From 79a1971c5f14ea3a6e2b0c4caf73a1760db7cab8 Mon Sep 17 00:00:00 2001
From: Linus Torvalds <torvalds@xxxxxxxxxxxxxxxxxxxx>
Date: Wed, 23 Sep 2020 10:04:16 -0700
Subject: [PATCH 2/2] mm: move the copy_one_pte() pte_present check into the
caller

This completes the split of the non-present and present pte cases by
moving the check for the source pte being present into the single
caller, which also means that we clearly separate out the very different
return value case for a non-present pte.

The present pte case currently always succeeds.

This is a pure code re-organization with no semantic change: the intent
is to make it much easier to add a new return case to the present pte
case for when we do early COW at page table copy time.

This was split out from the previous commit simply to make it easy to
visually see that there were no semantic changes from this code
re-organization.

Signed-off-by: Linus Torvalds <torvalds@xxxxxxxxxxxxxxxxxxxx>
---
mm/memory.c | 24 ++++++++++++------------
1 file changed, 12 insertions(+), 12 deletions(-)

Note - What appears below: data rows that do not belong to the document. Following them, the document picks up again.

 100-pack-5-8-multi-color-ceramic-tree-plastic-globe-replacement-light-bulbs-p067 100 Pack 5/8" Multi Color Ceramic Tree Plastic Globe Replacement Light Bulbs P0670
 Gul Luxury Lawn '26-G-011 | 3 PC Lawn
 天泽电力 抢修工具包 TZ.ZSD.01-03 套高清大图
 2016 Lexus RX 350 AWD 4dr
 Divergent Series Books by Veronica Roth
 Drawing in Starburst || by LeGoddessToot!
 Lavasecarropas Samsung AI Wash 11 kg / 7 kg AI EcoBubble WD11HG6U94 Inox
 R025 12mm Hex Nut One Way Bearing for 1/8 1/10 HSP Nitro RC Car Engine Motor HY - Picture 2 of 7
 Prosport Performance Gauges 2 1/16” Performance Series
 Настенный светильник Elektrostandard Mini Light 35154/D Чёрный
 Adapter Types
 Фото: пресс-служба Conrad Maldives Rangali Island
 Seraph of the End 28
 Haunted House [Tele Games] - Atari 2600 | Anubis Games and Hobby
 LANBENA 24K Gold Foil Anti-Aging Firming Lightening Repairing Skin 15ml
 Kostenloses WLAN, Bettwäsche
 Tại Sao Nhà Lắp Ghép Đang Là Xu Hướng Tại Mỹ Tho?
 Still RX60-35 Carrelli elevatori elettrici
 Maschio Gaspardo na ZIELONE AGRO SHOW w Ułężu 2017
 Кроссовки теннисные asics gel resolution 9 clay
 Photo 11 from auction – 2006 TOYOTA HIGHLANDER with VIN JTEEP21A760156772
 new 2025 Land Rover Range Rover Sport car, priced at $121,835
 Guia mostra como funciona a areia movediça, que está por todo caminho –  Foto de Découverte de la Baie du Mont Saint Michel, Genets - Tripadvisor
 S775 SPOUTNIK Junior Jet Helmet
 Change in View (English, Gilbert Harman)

diff --git a/mm/memory.c b/mm/memory.c
index 31a3ab7d9aa3..e315b1f1ef08 100644
--- a/mm/memory.c
+++ b/mm/memory.c
@@ -773,8 +773,8 @@ copy_nonpresent_pte(struct mm_struct *dst_mm, struct mm_struct *src_mm,
return 0;
}

-static inline unsigned long
-copy_one_pte(struct mm_struct *dst_mm, struct mm_struct *src_mm,
+static inline void
+copy_present_pte(struct mm_struct *dst_mm, struct mm_struct *src_mm,
pte_t *dst_pte, pte_t *src_pte, struct vm_area_struct *vma,
unsigned long addr, int *rss)
{
@@ -782,12 +782,6 @@ copy_one_pte(struct mm_struct *dst_mm, struct mm_struct *src_mm,
pte_t pte = *src_pte;
struct page *page;

- /* pte contains position in swap or file, so copy. */
- if (unlikely(!pte_present(pte)))
- return copy_nonpresent_pte(dst_mm, src_mm,
- dst_pte, src_pte, vma,
- addr, rss);
-
/*
* If it's a COW mapping, write protect it both
* in the parent and the child
@@ -821,7 +815,6 @@ copy_one_pte(struct mm_struct *dst_mm, struct mm_struct *src_mm,
}

set_pte_at(dst_mm, addr, dst_pte, pte);
- return 0;
}

static int copy_pte_range(struct mm_struct *dst_mm, struct mm_struct *src_mm,
@@ -863,10 +856,17 @@ static int copy_pte_range(struct mm_struct *dst_mm, struct mm_struct *src_mm,
progress++;
continue;
}
- entry.val = copy_one_pte(dst_mm, src_mm, dst_pte, src_pte,
+ if (unlikely(!pte_present(*src_pte))) {
+ entry.val = copy_nonpresent_pte(dst_mm, src_mm,
+ dst_pte, src_pte,
vma, addr, rss);
- if (entry.val)
- break;
+ if (entry.val)
+ break;
+ progress += 8;
+ continue;
+ }
+ copy_present_pte(dst_mm, src_mm, dst_pte, src_pte,
+ vma, addr, rss);
progress += 8;
} while (dst_pte++, src_pte++, addr += PAGE_SIZE, addr != end);

--
2.28.0.218.gc12ef3d349